Brow Beat

The Handmaid’s Tale’s Excellent Season Finale Released the Show’s Tension in the Most Satisfying Way Possible

Elisabeth Moss and Max Minghella in The Handmaid's Tale finale
In several ways, the unspoken finally became spoken.

George Kraychyk for Hulu

In the first season of The Handmaid’s Tale, the stifling repression of Gilead has been so perfectly crafted that when Offred/June (Elisabeth Moss) unleashes her rage upon Serena Joy, the wife of her commander, in Wednesday’s finale, it’s jarring and satisfying all at once. In an exceptionally cruel power move for a series packed with exceptionally cruel power moves, Serena surprises Offred (who is newly revealed to be pregnant) by taking her to see her daughter Hannah for the first time in ages. This is “see” in a very literal sense, for Offred is left locked in the car only to view, from afar, as Serena brings Hannah (clothed in a pink cloak and dress not unlike Serena’s green ensemble) out to the front steps of a building. We don’t hear what Serena is saying to her, but we watch as Offred, anguished and heartbroken, pleads to be let out of the car to be with her daughter, banging helplessly on the window. After about a minute, Hannah goes back inside, and Serena coolly returns to the front seat of the car next to the driver, and they roll away. “As long as my baby is safe,” she tells Offred, referring to the child she’s now carrying for Serena and the commander, “so is yours.”

Suddenly—finally—Offred can no longer contain her contempt or hatred. “Deranged,” “fucking evil,” “a goddamn motherfucking monster,” and “sadistic” are just a few of the florid adjectives she spews at Serena from behind the partition. In this scene, Moss is gut-wrenching and perfect.
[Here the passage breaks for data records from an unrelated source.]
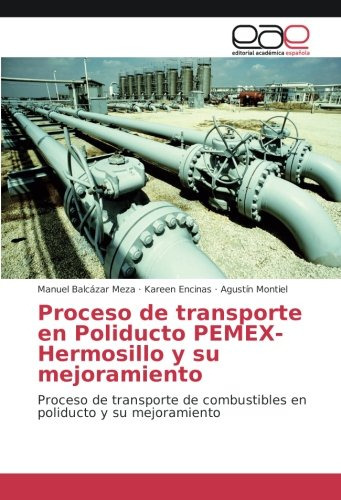 Proceso De Transporte En Poliducto Pemex-hermosillo Y Su Mej
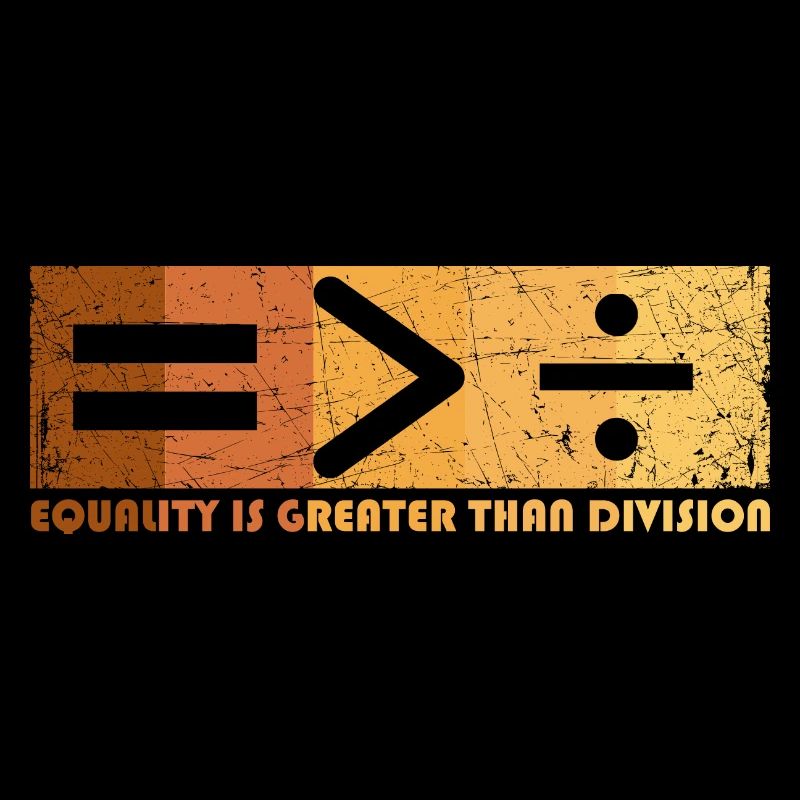 Equality Is Greater Than Division Black History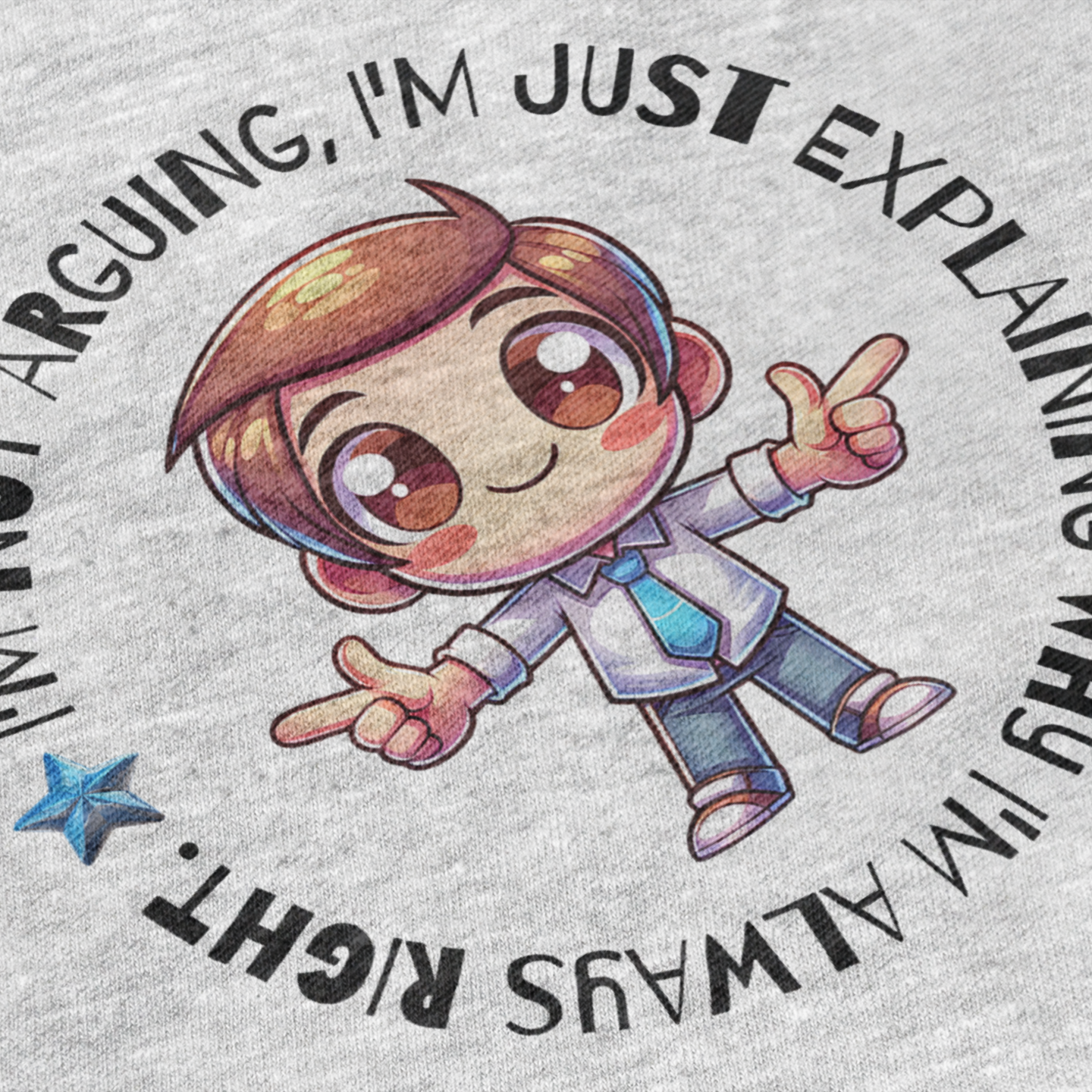 Cartoon character with text 'I'm not arguing, I'm just explaining why I'm always right' on a gray background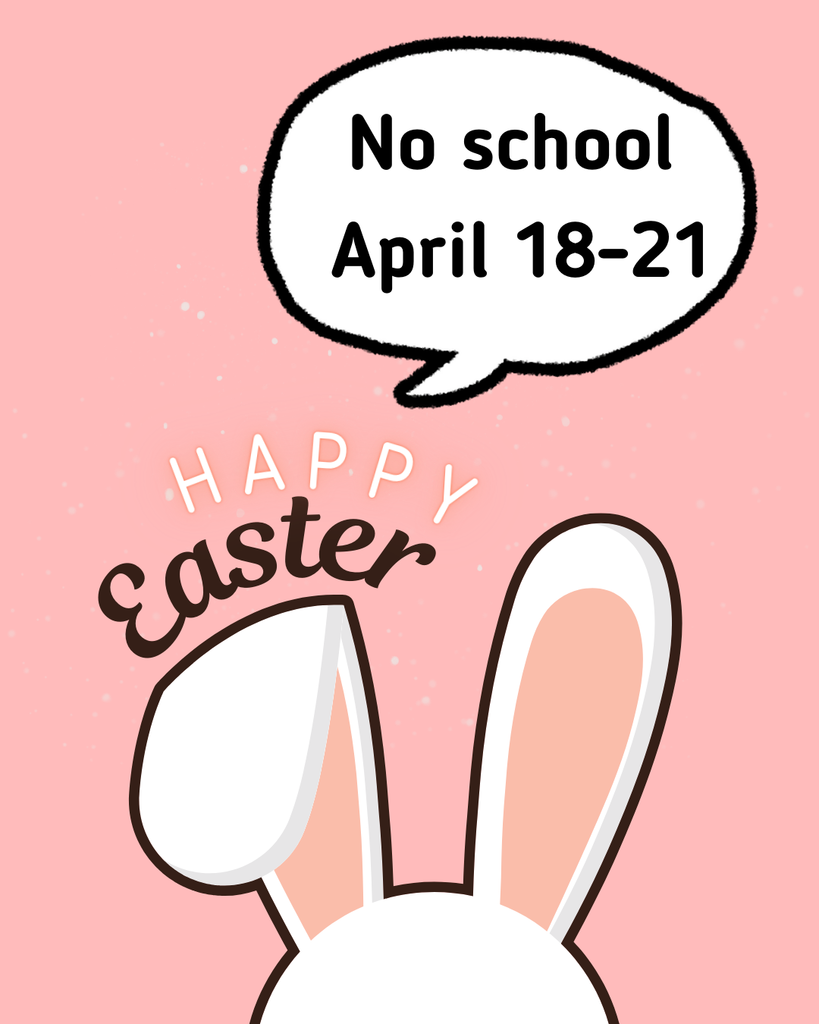 no school 4/18-4/21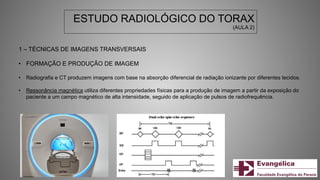 ESTUDO RADIOLÓGICO DO TORAX
(AULA 2)
1 – TÉCNICAS DE IMAGENS TRANSVERSAIS
• FORMAÇÃO E PRODUÇÃO DE IMAGEM
• Radiografia e CT produzem imagens com base na absorção diferencial de radiação ionizante por diferentes tecidos.
• Ressonância magnética utiliza diferentes propriedades físicas para a produção de imagem a partir da exposição do
paciente a um campo magnético de alta intensidade, seguido de aplicação de pulsos de radiofrequência.
 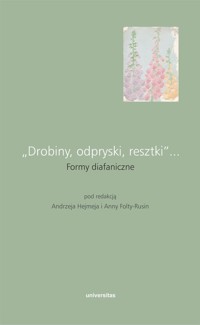 `Drobiny, odpryski, resztki`... Formy diafaniczne - zbiorowa praca - książka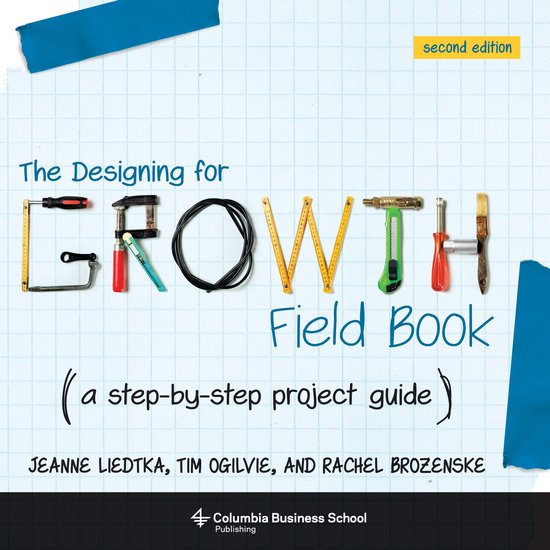 The Designing for Growth Field Book – A Step–by–Step Project Guide, Second Edition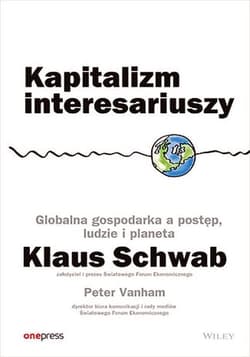 Kapitalizm interesariuszy Globalna gospodarka a postęp, ludzie i planeta - Vanham Peter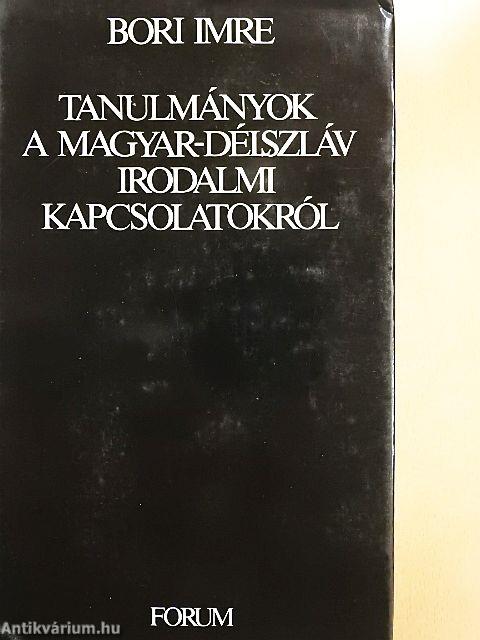 Tanulmányok a magyar-délszláv irodalmi kapcsolatokról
It’s the release the show has been carefully building toward all season, and it’s the release we, as viewers, needed too.

One of the surprisingly fun elements in a show mostly devoid of levity or joy has been Offred’s voice-over narration. It’s rich, cheeky, disdainful, profane, wistful—the internal monologue of a woman who has had her physical autonomy and family forcefully ripped away but who is still clinging to her humanity. (And who can remember, via flashbacks, a time when things weren’t this way.) Offred’s commentary feels natural because the Republic of Gilead is a world in which her life depends upon her being outwardly silent and compliant. And the inner monologue punctuates the tension acidly, making The Handmaid’s Tale into much more than a depressing slog—which it easily could’ve been.
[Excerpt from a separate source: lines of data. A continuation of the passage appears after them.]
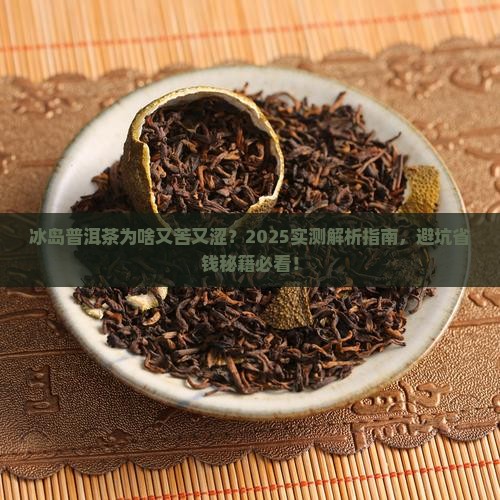 冰岛普洱茶咋喝的苦涩的 冰岛普洱茶咋喝的苦涩的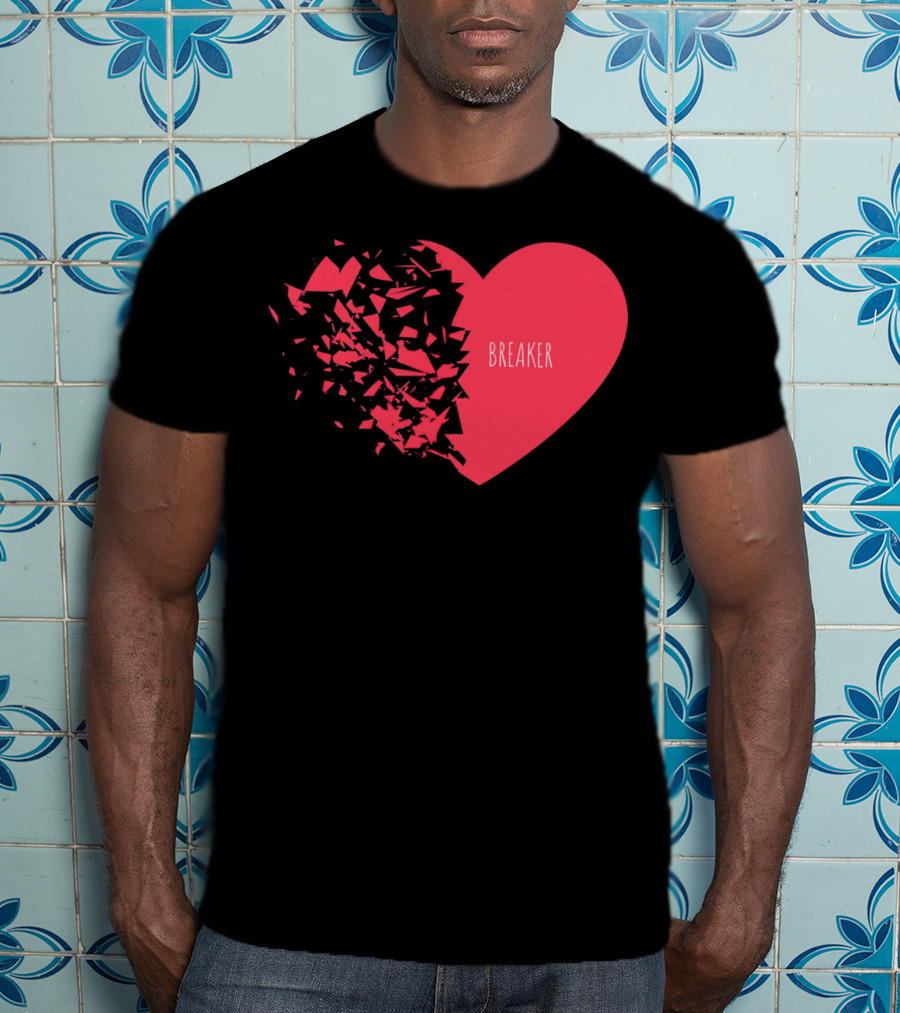 Funny Valentines Day Heart Breaker T-Shirt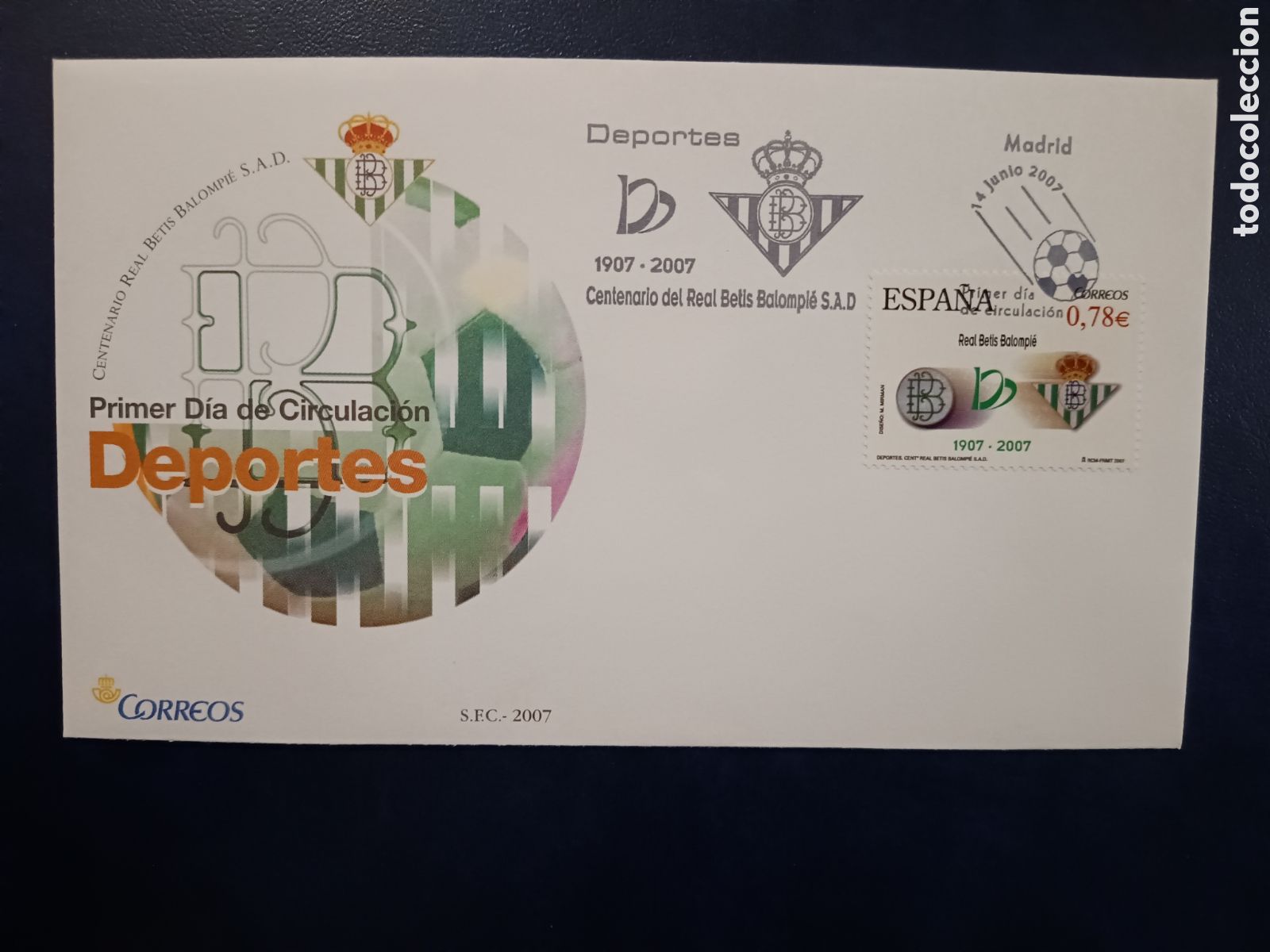 Sellos: SOBRE PRIMER D&Iacute;A - DEPORTES - CENTENARIO REAL BETIS BALOMPIE - 14 DE JUNIO DE 2007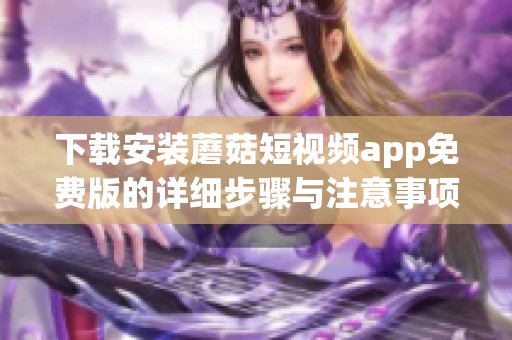 下载安装蘑菇短视频app免费版的详细步骤与注意事项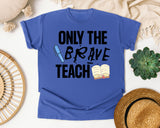 Only The Brave Teach graphic tee in Flo Blue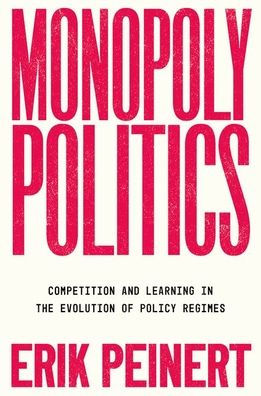 Monopoly Politics: Competition and Learning the Evolution of Policy Regimes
But to have some of that inner monologue finally explode into the external world of the story is refreshingly liberating, and Offred is not the only one who finds her voice in the Season 1 closer. Serena, in her own “sadistic” way, becomes aware of the sexual relationship between Fred and Offred that is meant for pleasure—his, to be clear—and not solely for the purposes of procreation. Enraged and jealous, she reveals that the baby Offred is carrying is not his and calls him out on his impotence (and, thus, in the world of Gilead, directly challenges his manhood): “You’re weak … you can’t father a child because you’re not worthy.”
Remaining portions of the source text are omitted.